TheDreamingGoat said:


> Oh sorry I should've been clearer .
> I don't have any milk yet- this is more of a should-i-do-it-in-the-future kinda thing sorry.


Raw milk is highly regulated in most states. One option would be goat milk soap and lotions though. But like stated above, I would research if you have a market for goat milk or goat milk products in your area. Start up capital can be expensive, and even with a good market, it takes a couple years to be profitable. Also the amount of goats you plan to have will impact your ability to meet the market you wish to be in.


----------



## Einhorn (Jan 2, 2014)

Pet food, not power food!


----------



## TheDreamingGoat (May 4, 2018)

Einhorn said:


> Pet food, not power food!


So if I sold it as pet food could I advertise it in the paper or something? I think I could actually sell it when I get milk hopefully this year or early next year if I I don't have to get inspections or become a dairy. I only have two goats, but I don't actually think my mom and sister will really be able to drink the nilk, so I might have a lot of extra.
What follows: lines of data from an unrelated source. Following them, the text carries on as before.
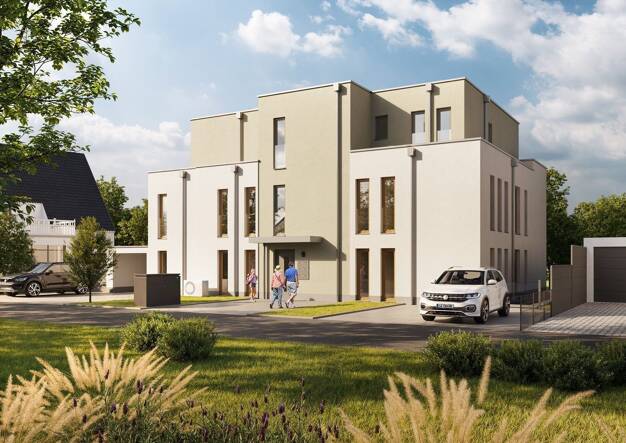 Wohnung zum Kauf - Neubau provisionsfrei 583.704 € 3 Zimmer 97 m² 1. Geschoss frei ab sofort Zur Götscher Mühle 31 Richrath Langenfeld (Rheinland) 40764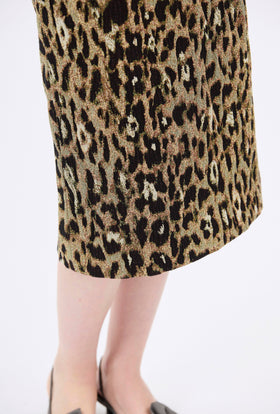 Jacquard Leo Rock, Brown Olive from ODEEH 
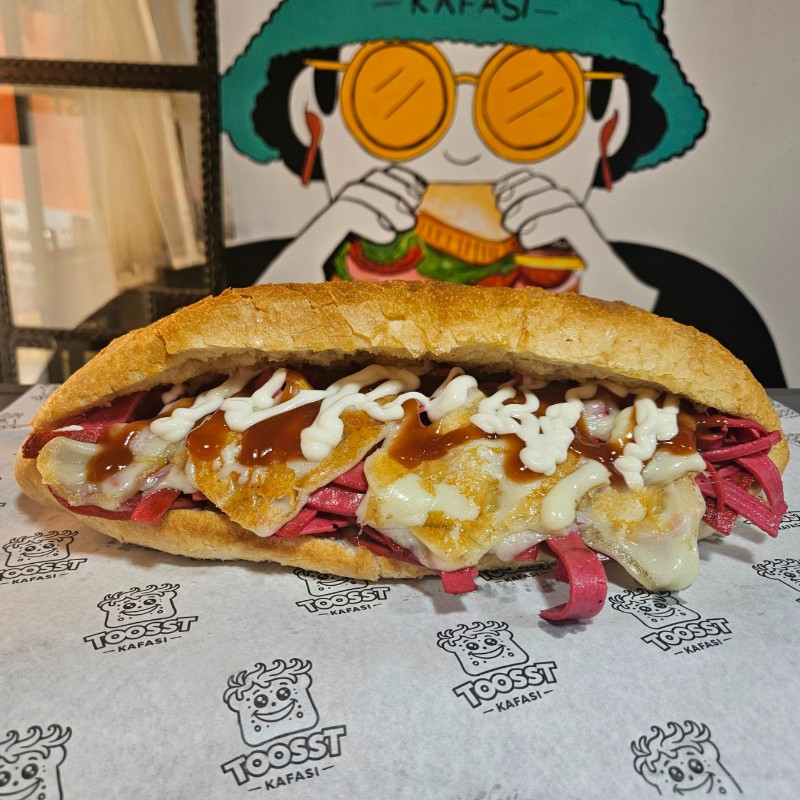 Jumbo Karışık Sandviç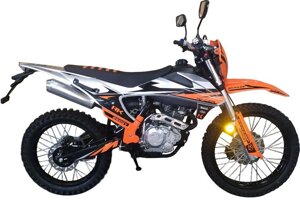 Мотоцикл RACER RC250GY-C2k K2 оранжевый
Sorry! Just wrote a book apparently


----------



## Einhorn (Jan 2, 2014)

Where i live there is no regulation on selling milk for pet consumption. I have in the past sold to a lady who raises orphaned foals. 
You may want to check your local laws


----------



## TheDreamingGoat (May 4, 2018)

Einhorn said:


> Where i live there is no regulation on selling milk for pet consumption. I have in the past sold to a lady who raises orphaned foals.
> You may want to check your local laws


Okay thank you!


----------